Another date has been formalized for the Summer Concert Series at the Ironstone Amphitheatre outside Murphys and John Mellancamp and Emmylou Harris are booked to perform on Saturday, June 17.

Mellencamp’s career in music spans more than 35 years. He has transitioned from pop star to one of the most highly respected singer-songwriters of a generation. He was inducted into the Rock & Roll Hall of Fame in 2008 and is a Grammy winner, a recipient of the John Steinbeck Award, the ASCAP Foundation’s Champion Award, the Woody Guthrie Award and the Americana Music Association’s Lifetime Achievement Award. More recently he received the Founders Award, the top honor assigned by the American Society of Composers, Authors and Publishers (ASCAP). He is also one of the most successful live acts in the world.

In 1985, Mellencamp teamed up with Willie Nelson and Neil Young to create Farm Aid. The social activism reflected in his songs helped catalyze Farm Aid the concert series and the organization, which has addressed the struggle of American family farmers for more than 25 years.

Mellencamp’s upcoming album “Sad Clowns & Hillbillies” also features Carlene Carter, who opens the June 17 show outside Murphys. Mellencamp’s 23rd album is due to be released April 21, and he says it’s a return to the musical eclecticism that’s a reflection of his wide-ranging musings on life. He’s considered by many to be a poet who has used the years between youth and the present to become a master of songwriting and interpretation.

Mellencamp also wrote the title song for the upcoming film “The Yellow Birds,” a war film directed by Alexandre Moors that’s based on the novel by Kevin Powers.

The unique instrumentation of Mellencamp’s band and his songs about everyday life in the American heartland are credited by many with being the forbearer of the Americana genre of rurally inflected music.

Thirteen-time Grammy winner and Billboard Century Award recipient Emmylou Harris’ contributions to music as a singer and songwriter spans 40 years. She has recorded more than 25 albums and has lent her talents to numerous artists’ recordings.

In recognition of her career, Harris was inducted into the Country Music Hall of Fame in 2008. She is known as much for her straightforward songwriting as for her incomparably expressive singing. Admired through her career for her talent as an artist and song connoisseur, Harris shook up country radio in the 1970s and established herself as the premiere songwriter of a generation as she sold more than 15 million records and garnered 13 Grammy Awards; this year, she and Rodney Crowell won the Grammy for Best Americana album, three Country Music Association awards and two Americana Awards.

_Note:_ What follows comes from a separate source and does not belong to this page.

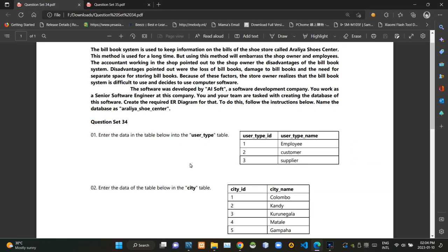Hello folks, welcome to today's part of the database management systems revision video series. This video is a follow up to the last 33rd video and I'm going to do question set number 34.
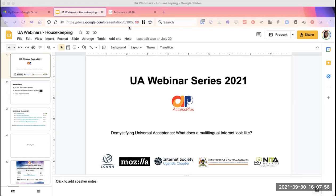These webinars have come a long way since June, when we had our first webinar on why it is important to have multiple languages on the internet. This was followed by our July webinar on why universal acceptance matters. Our webinar last month showcased universal acceptance initiatives around Africa and globally — how initiatives are being implemented — and we were glad to hear success stories from projects in Benin and Egypt.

Harris has recorded with such diverse artists as Linda Ronstadt, Daniel Lanois, Bob Dylan, Mark Knopfler, Neil Young, Gram Parsons, Willie Nelson, Dolly Parton, Roy Orbison, Ryan Adams, Beck, Elvis Costello, Johnny Cash and Lyle Lovett, to name some.

Forty years into her career, Harris continues to share the hard-earned wisdom that comes with aging, though she hasn’t stopped looking ahead. The social activist has also lent her voice to many causes. She has performed at Lilith Fair helping promote feminism in music and has organized benefit tours to support the Vietnam Veterans of America Foundation. Harris also founded Bonaparte’s Retreat, a dog rescue organization.

Tickets for the show go on sale Friday at ironstoneamphitheatre.net or call Ticketmaster at 800-745-3000.

Also on the series calendar at this point is an Aug. 13 show with the Steve Miller Band and Peter Frampton.